Piezoelectric cold atmospheric plasma modulates neurogenic cell proliferation and differentiation via cross-signaling

Cold atmospheric plasma (CAP), an ionized gas produced at near-room temperature, holds significant therapeutic potential due to its unique composition of reactive oxygen and nitrogen species (RONS). CAP exhibits selective bioactivity, targeting malignant cells while promoting healthy tissue regeneration, making it relevant for oncology and tissue engineering. Although Piezo-CAP has shown promise in ameliorating spinal cord injury (SCI) by reducing ROS and suppressing apoptosis, the precise molecular mechanisms governing its effects on neurogenesis and cellular fate remain largely unelucidated, representing a critical knowledge gap this study addresses.

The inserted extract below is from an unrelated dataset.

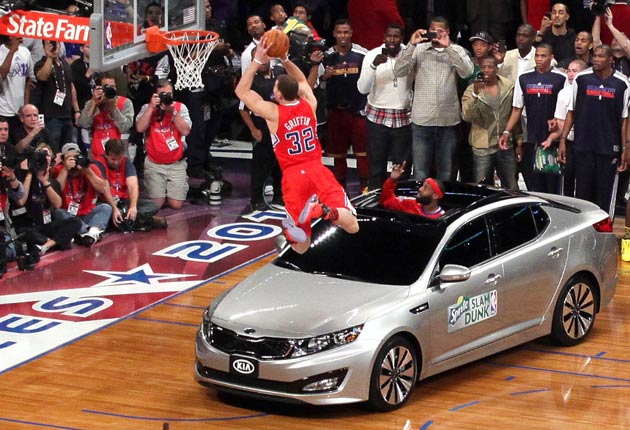 dunk that Blake Griffin Blake Griffin Dunk Contest Shoes. dunk that Blake Griffin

This study investigated the impact of piezoelectric cold atmospheric plasma (Piezo-CAP) on neurogenic cell proliferation and differentiation. While the abstract does not specify the exact model (e.g., in vitro cell line, animal model) or the precise treatment parameters (e.g., dose, frequency, duration of plasma exposure), the research aimed to elucidate the underlying molecular mechanisms. The focus was on how Piezo-CAP's unique composition of reactive oxygen and nitrogen species (RONS) influences cross-signaling pathways to modulate cellular fate. The primary endpoint was the modulation of neurogenic cell proliferation and differentiation.

The study demonstrated that Piezo-CAP effectively modulates both neurogenic cell proliferation and differentiation. While specific quantitative data, such as percentages of change or fold-increases in differentiation markers, were not provided in the abstract, the findings indicate that this modulation occurs via cross-signaling pathways. The therapeutic effects of CAP are attributed to its unique composition of reactive oxygen and nitrogen species (RONS), which are known to interact with various cellular processes. > This research suggests that Piezo-CAP's ability to remodel the extracellular matrix and stimulate growth factor secretion, as mentioned in the introduction, plays a role in its neurogenic effects. The abstract also referenced previous work showing Piezo-CAP ameliorates spinal cord injury (SCI) by reducing reactive oxygen species (ROS), suppressing apoptosis, and promoting axonal regeneration through antioxidative mechanisms, providing context for the current study's focus on neurogenesis.